L’excellent
Didier Goux s’étant récemment étonné dans un commentaire de billet de ce que je
n’avais encore rien écrit sur cet animal, je me suis illico mis en devoir de
pallier ce manque.
S’il y a un animal dont la présence sur terre donne une
claire vision de ce qu’est la totale inutilité, c’est bien la girafe. Autrefois
nommée caméléopard (en grec καμηλοπάρδαλις) parce que ces escrocs qui mettent aujourd’hui
l’Euro en péril pensaient qu’elle était le fruit d’amours contre-nature entre chameaux
et léopards (fallait-il qu’ils soient sots, les bougres !), elle doit son
nom moderne à l’arabe zarāfah (زرافة,), terme auquel un
traducteur audacieux pourrait donner le sens de « girafe ».
Selon certains esprits affidés à sa cause, la taille de la
girafe en ferait l’animal terrestre dont les ossicones seraient le plus
éloignés de la plante des pieds. Cette particularité expliquerait le relatif
insuccès de la bête en tant qu’animal de compagnie vu que les quelques 5,80 m
qui séparent l’extrémité des cornes veloutées du mâle du sol requièrent une hauteur de plafond
qui est peu courante dans les HLM. Problème que ne posent aucunement le serin,
le poisson rouge, la belette ou le rhinocéros.Si on y ajoute le coût prohibitif des laisses, cela explique pourquoi il est rare de rencontrer des élégantes se promenant dans les parcs de nos villes en compagnie de ce grand dadais d'animal.
Le ridicule est la caractéristique principale de cette
aberration de la nature.

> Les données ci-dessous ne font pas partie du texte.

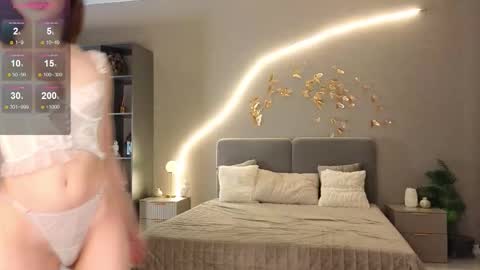 Ammy  dont forget to thumbs up me  online show from October 2025 10:10:02 AM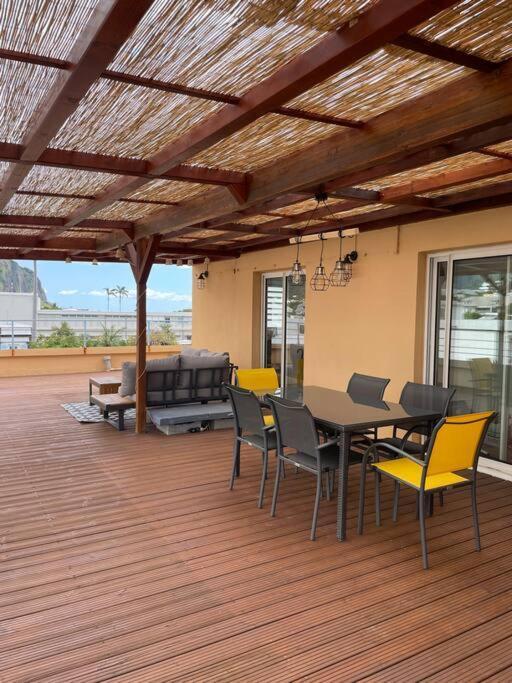 Rare ! Spacieux T3 En Roof-Top Au Barachois - 2 Ch Climatisees - 6 Couchages - Proche Aeroport Σαιν-Ντενί Εξωτερικό φωτογραφία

On a tenté d’expliquer la longueur de son cou par le fait que son élongation lui aurait permis
en des périodes où l’herbe se faisait rare dans la savane de se repaître de
feuilles d’arbres. Tout esprit rationnel se demande alors, pourquoi le zèbre (sorte
d’âne en pyjama) et l’antilope qui hantent grosso-modo la même aire de
répartition n’en ont pas fait autant. Une autre théorie voudrait que les mâles
aient développé une longueur de cou extraordinaire afin de mieux affronter leurs
rivaux dans la compétition sexuelle. On est alors en droit de se demander
pourquoi l’ensemble des animaux ne les a pas imités. En fait la réponse est
simple : doté d’un odorat délicat, ce ruminant émet des flatulences particulièrement
nauséabondes et ses déjections ont une odeur à faire s’évanouir la hyène la mieux
aguerrie, de plus elle ne supporte pas la promiscuité que lui impose la savane avec
le zèbre doté comme chacun sait d’une haleine de poney. C’est pourquoi son cou
s’est allongé progressivement lui permettant de s’éloigner de ces miasmes morbides.
Malgré ses nombreux handicaps, la girafe a été chantée par
bien des poètes. Qui ne se souvient avec émotion des vers du bon La Fontaine ?
« La girafe ayant chanté tout l’été…»,
« Une girafe se désaltérait dans le
courant d’une onde pure… » Que
dire des nombreux romans qui lui furent consacrés ? Des chefs-d’œuvre éternels qu’elle suscita, au
nombre desquels se comptent Au bonheur
des girafes d’Émile Zola, A l’ombre des girafes en fleurs, de l’impayable
Marcel Proust ou encore, plus près de nous, Voyage
au bout de la girafe de L-F Céline, Des
Girafes et des hommes de John Steinbeck et La Possibilité d’une girafe de Michel Houellebecq ? L’art
pictural ne fut pas en reste, loin s’en faut ! Géricault et son Radeau de la girafe, les Girafes molles de Dali, et, cerise sur
le gâteau, La Girafe de Leonardo dont
le sourire énigmatique fit couler tant d’encre… Elle est partout !
A suivre…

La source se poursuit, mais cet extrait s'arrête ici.